EXERCISE DIRECTIONS:
In the material below, find every line with "East" and pull it out.

EXTRACTED DATA:
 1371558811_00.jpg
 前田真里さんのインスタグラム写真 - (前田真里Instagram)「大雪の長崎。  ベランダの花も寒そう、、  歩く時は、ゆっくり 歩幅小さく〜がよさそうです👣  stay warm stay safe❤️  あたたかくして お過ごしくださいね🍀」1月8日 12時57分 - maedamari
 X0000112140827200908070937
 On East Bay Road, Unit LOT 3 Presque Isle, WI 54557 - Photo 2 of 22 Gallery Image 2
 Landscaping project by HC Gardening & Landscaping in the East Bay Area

* * *

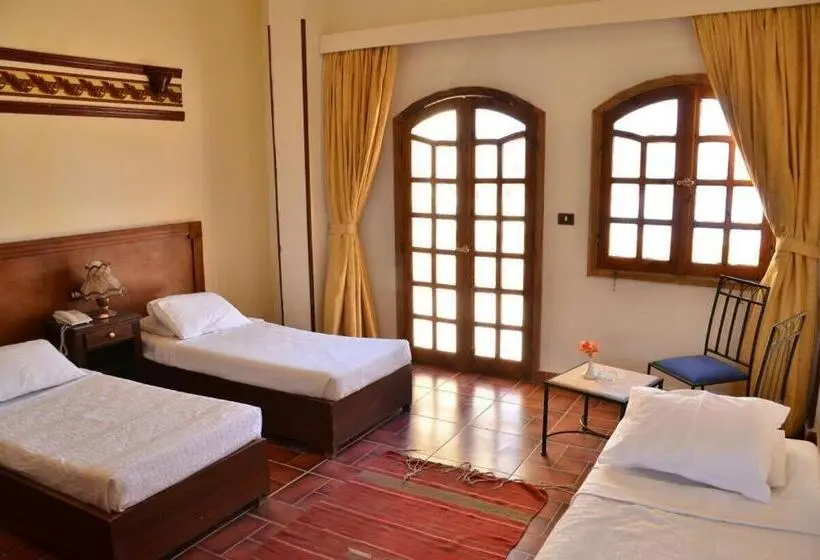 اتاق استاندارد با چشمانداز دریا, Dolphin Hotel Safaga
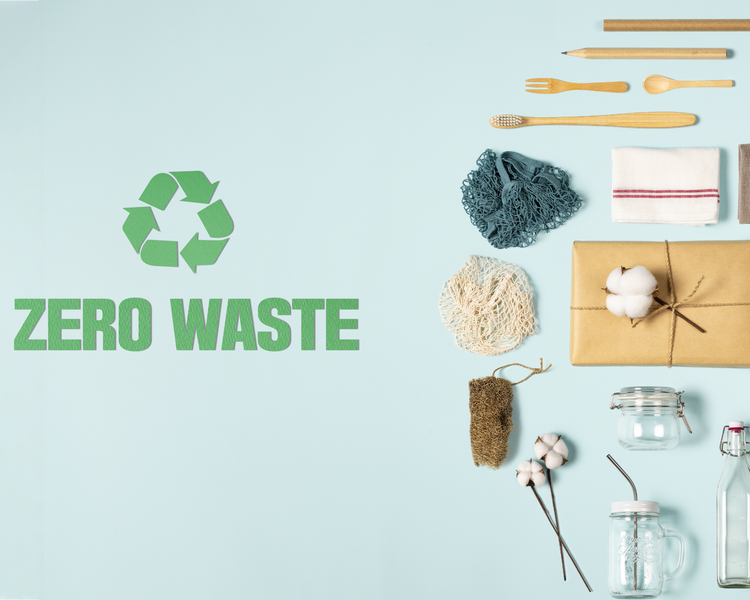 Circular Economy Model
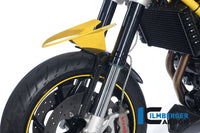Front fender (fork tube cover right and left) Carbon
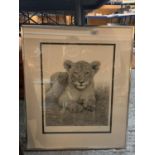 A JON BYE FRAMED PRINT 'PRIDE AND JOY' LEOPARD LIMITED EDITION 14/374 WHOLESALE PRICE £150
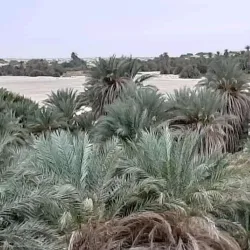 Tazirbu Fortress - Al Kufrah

--

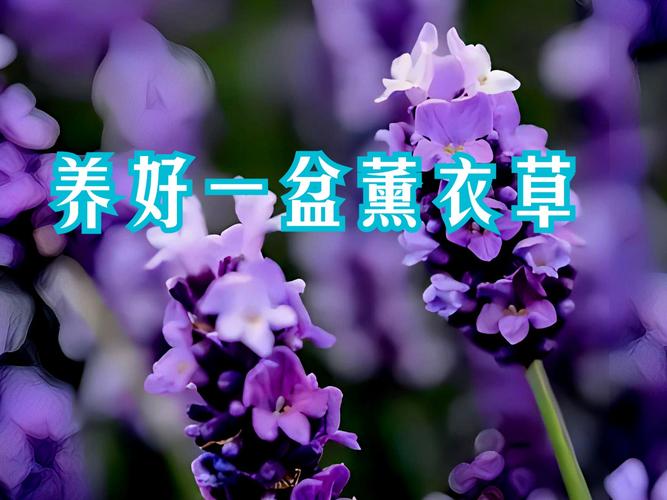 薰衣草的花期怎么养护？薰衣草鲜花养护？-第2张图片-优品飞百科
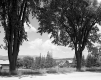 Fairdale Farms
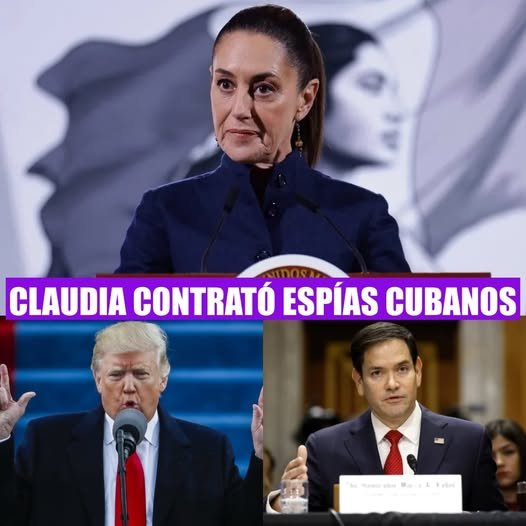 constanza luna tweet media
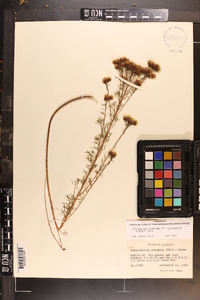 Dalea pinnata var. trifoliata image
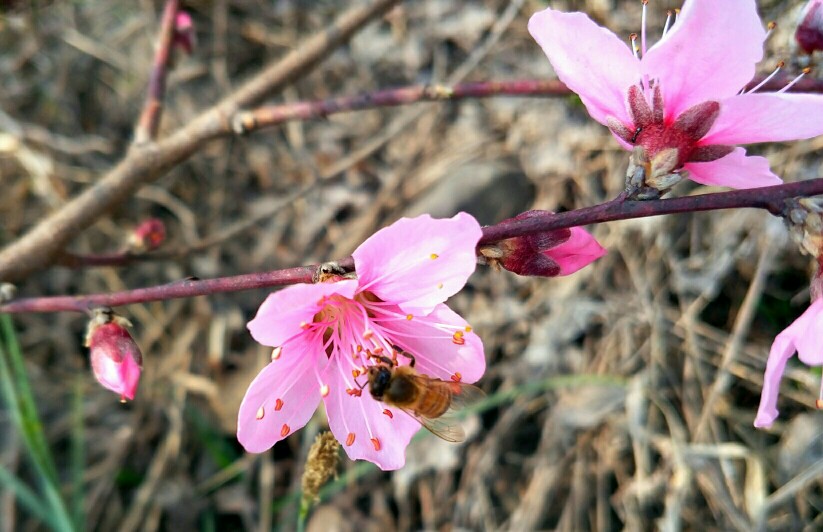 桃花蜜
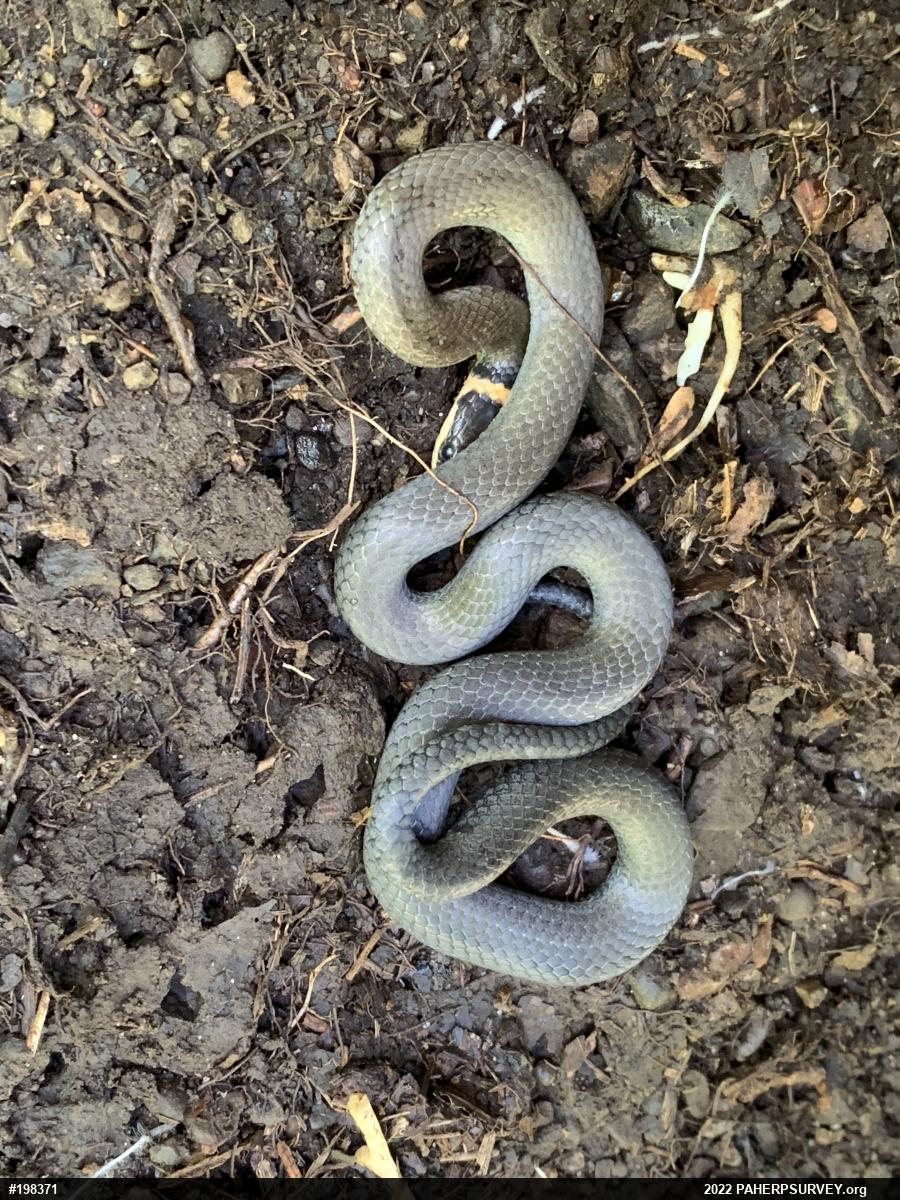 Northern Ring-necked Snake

REPLY TO THE EXERCISE:
 On East Bay Road, Unit LOT 3 Presque Isle, WI 54557 - Photo 2 of 22 Gallery Image 2
 Landscaping project by HC Gardening & Landscaping in the East Bay Area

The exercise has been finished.